Work to be completed:
Omit the images and return the remaining entries unchanged.

Source data:
>>>>

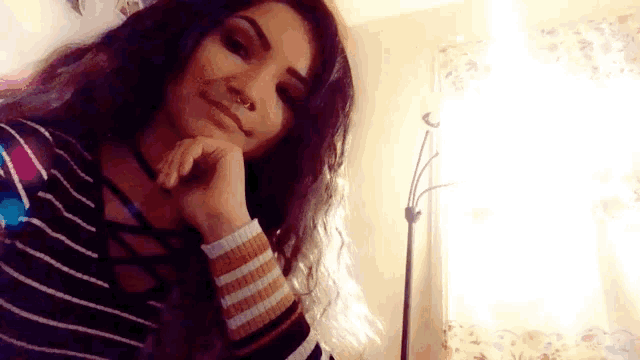 a woman with long hair and a nose ring is smiling for the camera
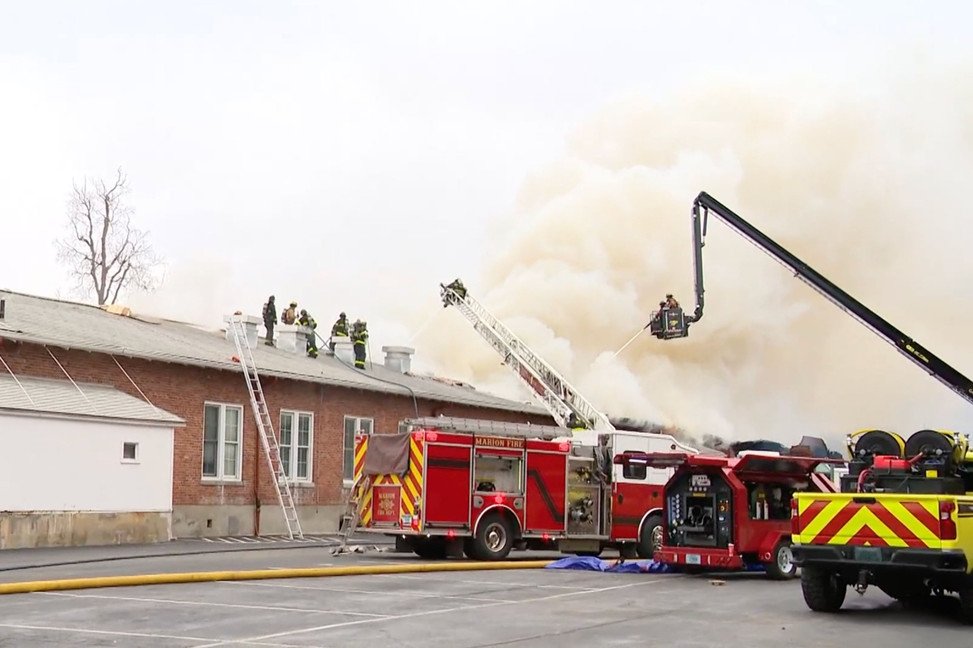 Aerial ladder operations and rooftop firefighting efforts to control fire spread across interconnected campus buildings.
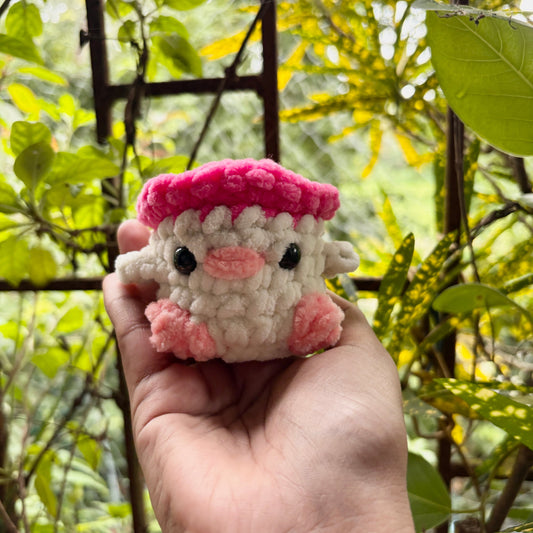 Hand holding a small crochet sheep toy with a pink hat against a natural background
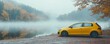 © svetlanais - A yellow hatchback car with foggy windows parked near a lake on a misty morning, capturing serenity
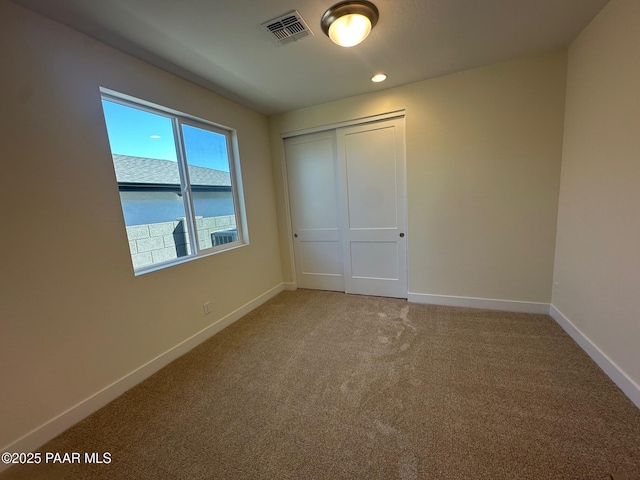 unfurnished bedroom featuring visible vents, baseboards, light colored carpet, a closet, and recessed lighting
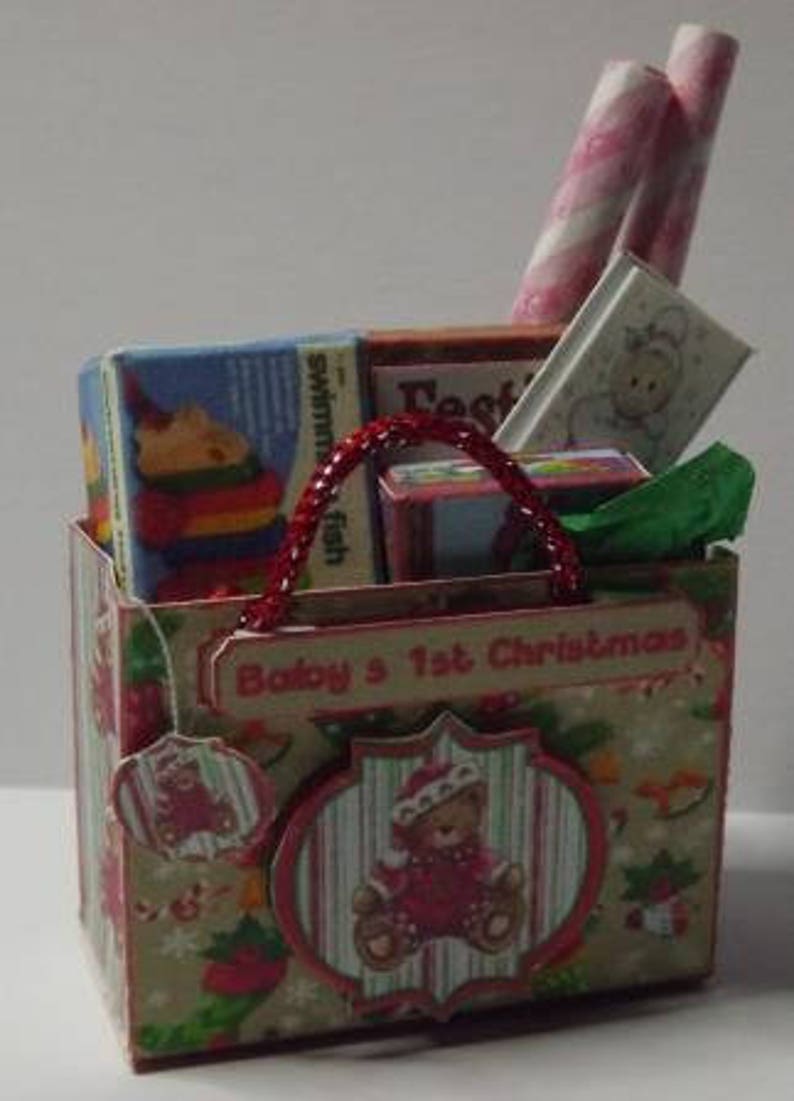 May include: A red and white gift bag with a handle, filled with wrapped gifts and candy canes. The bag has a label that says "Baby's 1st Christmas".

<<<<

Response to this task:
 a woman with long hair and a nose ring is smiling for the camera
 Aerial ladder operations and rooftop firefighting efforts to control fire spread across interconnected campus buildings.
 Hand holding a small crochet sheep toy with a pink hat against a natural background
 © svetlanais - A yellow hatchback car with foggy windows parked near a lake on a misty morning, capturing serenity
 unfurnished bedroom featuring visible vents, baseboards, light colored carpet, a closet, and recessed lighting
 May include: A red and white gift bag with a handle, filled with wrapped gifts and candy canes. The bag has a label that says "Baby's 1st Christmas".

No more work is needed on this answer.